The derived dimensions can be visualized interactively online: https://craasand.shinyapps.io/Rocks_Data_Explorer/. The first 6 dimensions are clearly interpretable in terms of lightness of color, average grain size, roughness, shininess, organization (rocks composed of organized layers vs. fragments haphazardly glued together), and chromaticity (warm/vivid colors vs. cool/dull colors). The interpretation of dimension 7 is not quite as clear-cut as the rest and likely reflects an amalgamation of several underlying psychological dimensions, but it seems to be related to shape (flat vs. spherical/cubical). Nosofsky et al. (2018c) initially considered dimension 8 to also have an ambiguous interpretation, but subsequent work found it can be well interpreted in terms of red versus green hue (Nosofsky et al. 2019a).

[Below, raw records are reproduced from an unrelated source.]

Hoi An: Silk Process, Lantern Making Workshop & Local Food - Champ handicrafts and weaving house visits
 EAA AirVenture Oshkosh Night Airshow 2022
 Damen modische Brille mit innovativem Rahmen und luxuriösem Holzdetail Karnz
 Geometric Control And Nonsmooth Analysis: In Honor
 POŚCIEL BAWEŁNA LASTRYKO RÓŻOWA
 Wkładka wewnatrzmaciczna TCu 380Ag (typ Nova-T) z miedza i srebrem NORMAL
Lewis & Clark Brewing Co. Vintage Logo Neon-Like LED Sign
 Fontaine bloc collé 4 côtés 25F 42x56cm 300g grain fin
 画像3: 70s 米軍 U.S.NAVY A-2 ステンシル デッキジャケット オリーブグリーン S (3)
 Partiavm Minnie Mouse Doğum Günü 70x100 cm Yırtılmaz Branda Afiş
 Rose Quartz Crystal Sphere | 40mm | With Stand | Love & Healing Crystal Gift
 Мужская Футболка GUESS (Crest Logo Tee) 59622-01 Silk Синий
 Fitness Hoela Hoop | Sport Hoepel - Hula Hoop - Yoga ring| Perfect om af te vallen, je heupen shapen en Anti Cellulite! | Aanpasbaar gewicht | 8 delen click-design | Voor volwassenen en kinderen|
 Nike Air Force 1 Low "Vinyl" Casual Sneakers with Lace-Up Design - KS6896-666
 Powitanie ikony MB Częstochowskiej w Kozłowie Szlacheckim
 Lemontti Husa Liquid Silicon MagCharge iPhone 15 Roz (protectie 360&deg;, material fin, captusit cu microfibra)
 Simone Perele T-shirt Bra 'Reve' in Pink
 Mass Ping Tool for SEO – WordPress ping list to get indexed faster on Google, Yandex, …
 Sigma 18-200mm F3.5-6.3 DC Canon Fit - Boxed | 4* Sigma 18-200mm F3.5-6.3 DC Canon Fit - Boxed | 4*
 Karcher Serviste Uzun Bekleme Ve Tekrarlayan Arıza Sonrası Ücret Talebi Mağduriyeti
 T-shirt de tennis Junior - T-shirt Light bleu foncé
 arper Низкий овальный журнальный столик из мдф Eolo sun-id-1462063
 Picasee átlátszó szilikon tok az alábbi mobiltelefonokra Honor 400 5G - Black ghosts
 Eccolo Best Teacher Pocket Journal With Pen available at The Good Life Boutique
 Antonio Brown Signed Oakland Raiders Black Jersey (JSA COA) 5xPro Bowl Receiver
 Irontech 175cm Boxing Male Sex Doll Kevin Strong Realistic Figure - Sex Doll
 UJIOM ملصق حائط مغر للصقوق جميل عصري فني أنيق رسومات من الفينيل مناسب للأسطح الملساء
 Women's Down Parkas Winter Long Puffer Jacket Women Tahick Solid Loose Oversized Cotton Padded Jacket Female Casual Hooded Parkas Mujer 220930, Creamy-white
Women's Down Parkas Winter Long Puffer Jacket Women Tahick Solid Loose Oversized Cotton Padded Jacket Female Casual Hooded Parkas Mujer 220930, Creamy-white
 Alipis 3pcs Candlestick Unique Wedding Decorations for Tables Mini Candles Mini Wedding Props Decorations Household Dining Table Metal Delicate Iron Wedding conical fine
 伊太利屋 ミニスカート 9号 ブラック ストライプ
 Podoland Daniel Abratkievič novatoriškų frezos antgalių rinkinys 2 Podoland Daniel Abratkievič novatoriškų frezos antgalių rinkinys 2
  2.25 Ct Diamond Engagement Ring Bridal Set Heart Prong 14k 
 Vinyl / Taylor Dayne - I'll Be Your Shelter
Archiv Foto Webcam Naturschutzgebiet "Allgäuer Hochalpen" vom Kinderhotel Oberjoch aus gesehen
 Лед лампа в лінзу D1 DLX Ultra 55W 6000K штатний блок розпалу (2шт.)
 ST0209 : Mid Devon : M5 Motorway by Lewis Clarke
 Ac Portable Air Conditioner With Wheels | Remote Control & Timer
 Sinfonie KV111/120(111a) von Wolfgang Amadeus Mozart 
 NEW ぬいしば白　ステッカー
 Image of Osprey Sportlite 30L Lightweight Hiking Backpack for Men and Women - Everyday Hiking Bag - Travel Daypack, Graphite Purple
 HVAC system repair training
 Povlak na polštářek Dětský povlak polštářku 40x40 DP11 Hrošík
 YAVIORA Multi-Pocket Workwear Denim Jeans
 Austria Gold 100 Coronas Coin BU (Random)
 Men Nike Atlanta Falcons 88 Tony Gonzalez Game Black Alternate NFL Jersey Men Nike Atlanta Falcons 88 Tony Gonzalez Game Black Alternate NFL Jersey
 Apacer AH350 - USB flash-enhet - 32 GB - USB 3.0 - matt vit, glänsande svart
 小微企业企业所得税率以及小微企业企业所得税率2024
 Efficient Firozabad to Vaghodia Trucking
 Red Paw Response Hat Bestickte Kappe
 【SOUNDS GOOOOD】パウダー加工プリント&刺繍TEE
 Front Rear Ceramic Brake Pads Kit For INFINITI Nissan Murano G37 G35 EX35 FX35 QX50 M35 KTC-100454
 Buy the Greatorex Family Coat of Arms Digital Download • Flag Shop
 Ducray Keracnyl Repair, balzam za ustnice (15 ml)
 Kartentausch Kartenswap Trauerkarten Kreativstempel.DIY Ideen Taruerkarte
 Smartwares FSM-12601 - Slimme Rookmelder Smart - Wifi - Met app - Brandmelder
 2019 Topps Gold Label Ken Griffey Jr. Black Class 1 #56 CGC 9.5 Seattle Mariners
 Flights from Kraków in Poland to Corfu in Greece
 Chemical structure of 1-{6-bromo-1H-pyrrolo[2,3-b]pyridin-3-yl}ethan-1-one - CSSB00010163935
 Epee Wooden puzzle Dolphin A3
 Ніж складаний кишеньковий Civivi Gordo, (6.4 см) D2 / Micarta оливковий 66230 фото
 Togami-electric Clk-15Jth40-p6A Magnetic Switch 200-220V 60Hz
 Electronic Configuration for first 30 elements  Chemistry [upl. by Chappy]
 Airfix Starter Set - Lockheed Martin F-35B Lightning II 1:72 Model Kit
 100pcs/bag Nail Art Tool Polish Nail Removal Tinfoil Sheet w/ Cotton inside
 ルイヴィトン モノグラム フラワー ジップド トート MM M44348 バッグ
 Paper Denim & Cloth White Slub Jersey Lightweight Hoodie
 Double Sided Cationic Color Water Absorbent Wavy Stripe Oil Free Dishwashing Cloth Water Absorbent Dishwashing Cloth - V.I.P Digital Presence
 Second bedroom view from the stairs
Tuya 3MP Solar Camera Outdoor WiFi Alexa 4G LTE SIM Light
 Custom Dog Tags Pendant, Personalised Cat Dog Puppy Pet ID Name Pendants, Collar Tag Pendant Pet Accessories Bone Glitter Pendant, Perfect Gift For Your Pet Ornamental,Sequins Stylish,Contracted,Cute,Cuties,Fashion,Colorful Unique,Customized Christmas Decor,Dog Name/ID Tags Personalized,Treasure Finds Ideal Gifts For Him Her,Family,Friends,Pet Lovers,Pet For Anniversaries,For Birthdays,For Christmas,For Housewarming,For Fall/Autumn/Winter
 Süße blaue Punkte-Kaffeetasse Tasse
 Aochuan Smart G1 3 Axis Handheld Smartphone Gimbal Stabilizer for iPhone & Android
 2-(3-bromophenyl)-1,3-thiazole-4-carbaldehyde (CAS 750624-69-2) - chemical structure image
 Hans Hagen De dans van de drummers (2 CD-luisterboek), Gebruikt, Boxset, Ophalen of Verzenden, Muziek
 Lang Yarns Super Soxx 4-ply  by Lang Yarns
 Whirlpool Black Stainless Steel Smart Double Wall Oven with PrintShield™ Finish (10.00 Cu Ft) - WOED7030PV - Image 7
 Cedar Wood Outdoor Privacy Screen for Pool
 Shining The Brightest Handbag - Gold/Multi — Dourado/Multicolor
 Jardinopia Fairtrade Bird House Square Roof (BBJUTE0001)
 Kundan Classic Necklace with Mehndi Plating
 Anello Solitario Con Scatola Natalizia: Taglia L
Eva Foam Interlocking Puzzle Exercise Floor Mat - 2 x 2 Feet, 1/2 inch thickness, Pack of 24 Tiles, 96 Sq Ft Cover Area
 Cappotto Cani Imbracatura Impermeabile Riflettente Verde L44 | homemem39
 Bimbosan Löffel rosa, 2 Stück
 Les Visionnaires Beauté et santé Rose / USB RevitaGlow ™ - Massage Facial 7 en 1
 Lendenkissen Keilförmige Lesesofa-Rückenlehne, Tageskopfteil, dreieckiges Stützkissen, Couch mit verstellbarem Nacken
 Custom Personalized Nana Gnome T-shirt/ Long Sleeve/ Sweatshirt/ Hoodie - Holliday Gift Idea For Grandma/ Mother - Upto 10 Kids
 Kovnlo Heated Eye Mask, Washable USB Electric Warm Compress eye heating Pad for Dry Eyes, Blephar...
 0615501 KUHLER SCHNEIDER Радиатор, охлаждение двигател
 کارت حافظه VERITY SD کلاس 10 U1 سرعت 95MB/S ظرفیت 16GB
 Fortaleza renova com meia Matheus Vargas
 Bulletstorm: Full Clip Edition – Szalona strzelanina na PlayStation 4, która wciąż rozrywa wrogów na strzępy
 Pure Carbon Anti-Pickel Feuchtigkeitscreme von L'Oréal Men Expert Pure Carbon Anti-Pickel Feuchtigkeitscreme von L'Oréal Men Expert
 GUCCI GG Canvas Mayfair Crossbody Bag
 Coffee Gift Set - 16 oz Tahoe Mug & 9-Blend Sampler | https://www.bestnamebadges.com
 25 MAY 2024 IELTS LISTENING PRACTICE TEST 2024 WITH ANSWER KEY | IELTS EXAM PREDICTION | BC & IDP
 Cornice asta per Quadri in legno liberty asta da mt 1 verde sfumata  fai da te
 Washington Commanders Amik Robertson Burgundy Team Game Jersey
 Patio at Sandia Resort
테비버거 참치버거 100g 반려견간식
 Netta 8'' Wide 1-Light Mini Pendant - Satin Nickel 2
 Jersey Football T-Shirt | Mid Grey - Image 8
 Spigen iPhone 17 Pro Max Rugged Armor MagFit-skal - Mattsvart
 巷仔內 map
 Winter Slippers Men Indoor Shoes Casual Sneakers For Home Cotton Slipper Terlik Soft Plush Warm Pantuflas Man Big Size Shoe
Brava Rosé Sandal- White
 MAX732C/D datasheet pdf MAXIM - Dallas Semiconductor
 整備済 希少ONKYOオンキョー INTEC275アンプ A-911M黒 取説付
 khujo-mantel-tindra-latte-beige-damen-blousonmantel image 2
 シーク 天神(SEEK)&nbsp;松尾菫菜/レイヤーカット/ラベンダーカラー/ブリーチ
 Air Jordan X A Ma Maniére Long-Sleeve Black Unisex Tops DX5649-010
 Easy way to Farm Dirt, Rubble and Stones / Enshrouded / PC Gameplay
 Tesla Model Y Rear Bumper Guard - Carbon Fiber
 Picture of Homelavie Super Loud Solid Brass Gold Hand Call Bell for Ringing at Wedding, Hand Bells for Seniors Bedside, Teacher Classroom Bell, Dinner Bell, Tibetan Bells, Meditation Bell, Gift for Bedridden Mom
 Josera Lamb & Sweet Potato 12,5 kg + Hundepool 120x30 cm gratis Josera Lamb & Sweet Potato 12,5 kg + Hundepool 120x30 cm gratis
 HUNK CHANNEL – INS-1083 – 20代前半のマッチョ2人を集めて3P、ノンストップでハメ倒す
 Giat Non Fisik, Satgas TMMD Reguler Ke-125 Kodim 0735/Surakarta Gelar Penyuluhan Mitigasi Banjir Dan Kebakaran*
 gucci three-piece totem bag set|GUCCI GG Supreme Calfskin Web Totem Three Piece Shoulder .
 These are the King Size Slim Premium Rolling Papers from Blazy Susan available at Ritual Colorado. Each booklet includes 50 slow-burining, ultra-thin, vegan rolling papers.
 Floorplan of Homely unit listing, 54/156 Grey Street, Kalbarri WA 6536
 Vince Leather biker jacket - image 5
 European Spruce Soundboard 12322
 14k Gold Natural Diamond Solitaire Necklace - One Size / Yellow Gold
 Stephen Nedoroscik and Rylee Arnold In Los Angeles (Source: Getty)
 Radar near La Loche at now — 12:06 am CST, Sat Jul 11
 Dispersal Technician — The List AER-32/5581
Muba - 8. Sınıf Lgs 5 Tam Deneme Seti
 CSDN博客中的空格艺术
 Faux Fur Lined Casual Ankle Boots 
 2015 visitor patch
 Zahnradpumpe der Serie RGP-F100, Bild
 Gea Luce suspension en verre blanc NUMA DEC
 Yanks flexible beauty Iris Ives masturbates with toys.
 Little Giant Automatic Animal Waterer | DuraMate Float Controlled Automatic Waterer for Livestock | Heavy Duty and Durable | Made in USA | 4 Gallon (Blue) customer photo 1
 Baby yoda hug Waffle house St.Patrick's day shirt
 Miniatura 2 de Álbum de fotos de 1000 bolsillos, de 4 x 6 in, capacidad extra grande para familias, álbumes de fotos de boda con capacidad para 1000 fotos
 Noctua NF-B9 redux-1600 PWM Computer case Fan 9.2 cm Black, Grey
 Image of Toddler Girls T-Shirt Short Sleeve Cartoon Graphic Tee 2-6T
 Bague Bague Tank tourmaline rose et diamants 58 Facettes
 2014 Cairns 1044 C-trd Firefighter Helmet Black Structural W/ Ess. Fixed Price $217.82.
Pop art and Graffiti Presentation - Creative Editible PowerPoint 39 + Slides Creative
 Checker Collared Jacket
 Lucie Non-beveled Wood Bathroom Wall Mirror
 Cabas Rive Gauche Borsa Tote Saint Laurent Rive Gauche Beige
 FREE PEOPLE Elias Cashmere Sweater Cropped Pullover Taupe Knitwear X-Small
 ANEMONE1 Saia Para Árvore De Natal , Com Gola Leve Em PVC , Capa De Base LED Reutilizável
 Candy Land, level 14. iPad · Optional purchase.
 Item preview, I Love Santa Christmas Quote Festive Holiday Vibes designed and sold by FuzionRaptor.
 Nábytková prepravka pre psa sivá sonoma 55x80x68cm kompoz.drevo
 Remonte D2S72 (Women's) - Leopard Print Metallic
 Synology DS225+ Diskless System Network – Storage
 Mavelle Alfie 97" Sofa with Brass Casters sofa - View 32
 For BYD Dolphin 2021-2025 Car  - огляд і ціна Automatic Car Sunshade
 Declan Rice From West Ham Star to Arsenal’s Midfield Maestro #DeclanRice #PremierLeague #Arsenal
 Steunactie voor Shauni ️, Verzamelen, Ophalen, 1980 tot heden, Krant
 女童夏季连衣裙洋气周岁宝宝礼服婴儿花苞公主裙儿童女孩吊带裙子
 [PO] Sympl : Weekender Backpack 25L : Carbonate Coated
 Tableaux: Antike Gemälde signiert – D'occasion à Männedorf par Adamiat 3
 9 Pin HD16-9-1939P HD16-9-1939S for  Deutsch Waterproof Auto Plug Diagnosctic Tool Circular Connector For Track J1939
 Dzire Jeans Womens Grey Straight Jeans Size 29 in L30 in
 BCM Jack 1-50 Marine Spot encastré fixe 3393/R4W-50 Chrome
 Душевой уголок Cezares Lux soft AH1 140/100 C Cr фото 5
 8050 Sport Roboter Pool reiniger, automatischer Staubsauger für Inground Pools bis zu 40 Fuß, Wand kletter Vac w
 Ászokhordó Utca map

While the naïve approach would be to train and evaluate each network using all 360 images from the data set, CNNs may have millions of trainable parameters, and thus are prone to overfitting to noise and failing to generalize to new data. Therefore, we needed a means to compare the CNNs’ generalization performance and not just their training performance. To this end, we split the data into three separate sets: a training set, a validation set, and a test set. CNNs with varying hyperparameters (free parameters not learned by the network, such as the number of layers) were trained to minimize error on the training set, and each network’s error on the validation set was computed to find the CNNs with the best generalization performance (see below and Appendix 1 for details). Finally, these networks’ error on the test set was computed to avoid overfitting to the validation set and to gain an unbiased estimate of their ability to generalize to completely new stimuli. The training set was formed by randomly sampling 6 of the 12 rock tokens in each category, and the remaining tokens were evenly split between the validation and test sets. Therefore, there were 180 images in the training set and 90 images in both the validation and test sets.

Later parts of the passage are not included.